Extract data from this table and return JSON in this exact format:
[
{{"name": "Product A", "price": 29.99, "stock": "In Stock"}},
{{"name": "Product B", "price": 49.99, "stock": "Out of Stock"}}
]
HTML:
{table_html}
Return only the JSON array.
"""
3. Set Temperature to 0 for Consistency
response = client.chat.completions.create(
model="gpt-4",
messages=[{"role": "user", "content": prompt}],
temperature=0 # Ensures deterministic output
)
4. Handle Pagination
For multi-page tables:
def scrape_paginated_table(base_url, max_pages=10):
all_data = []
for page in range(1, max_pages + 1):
url = f"{base_url}?page={page}"
page_data = scrape_table_with_llm(url)
if not page_data: # No more data
break
all_data.extend(page_data)
return all_data
5. Implement Error Handling
import json
from tenacity import retry, stop_after_attempt, wait_exponential
@retry(stop=stop_after_attempt(3), wait=wait_exponential(multiplier=1, min=4, max=10))
def scrape_with_retry(url):
try:
result = scrape_table_with_llm(url)
# Validate result is proper JSON
if isinstance(result, list):
return result
raise ValueError("Invalid response format")
except json.JSONDecodeError:
raise ValueError("LLM returned invalid JSON")

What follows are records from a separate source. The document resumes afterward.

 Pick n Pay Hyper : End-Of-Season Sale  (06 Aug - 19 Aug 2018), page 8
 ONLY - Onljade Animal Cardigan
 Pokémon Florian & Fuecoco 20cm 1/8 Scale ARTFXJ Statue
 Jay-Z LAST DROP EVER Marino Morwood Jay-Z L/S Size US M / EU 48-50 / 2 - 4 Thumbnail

Comparing LLM Approach vs Traditional Methods
| Aspect | Traditional (XPath/CSS) | LLM-Based | |--------|-------------------------|-----------| | Setup Time | Fast for simple tables | Requires API setup | | Resilience | Breaks with layout changes | Adapts to changes | | Cost | Free | API costs per request | | Speed | Very fast | Slower (API latency) | | Complex Structures | Difficult | Handles well | | Data Cleaning | Manual | Automatic |
For high-volume scraping with stable layouts, traditional methods are more cost-effective. For dynamic sites or complex data structures, using LLMs for data extraction provides better long-term maintainability.
Cost Optimization Tips
- Cache Results: Store extracted data to avoid re-processing identical pages
- Batch Requests: Combine multiple small tables in one prompt when possible
- Use Smaller Models: GPT-3.5-turbo is often sufficient for simple tables
- Pre-filter HTML: Remove scripts, styles, and irrelevant tags before sending to LLM
- Smart Fallbacks: Use traditional parsing first, LLM only for complex cases
Conclusion
LLMs transform table and list scraping by understanding data semantically rather than structurally. While they introduce API costs and latency, the benefits of resilience and automatic data normalization often outweigh these drawbacks for complex scraping tasks. Combining traditional methods for simple cases with AI-powered web scraping for challenging scenarios provides the optimal balance of cost, speed, and reliability.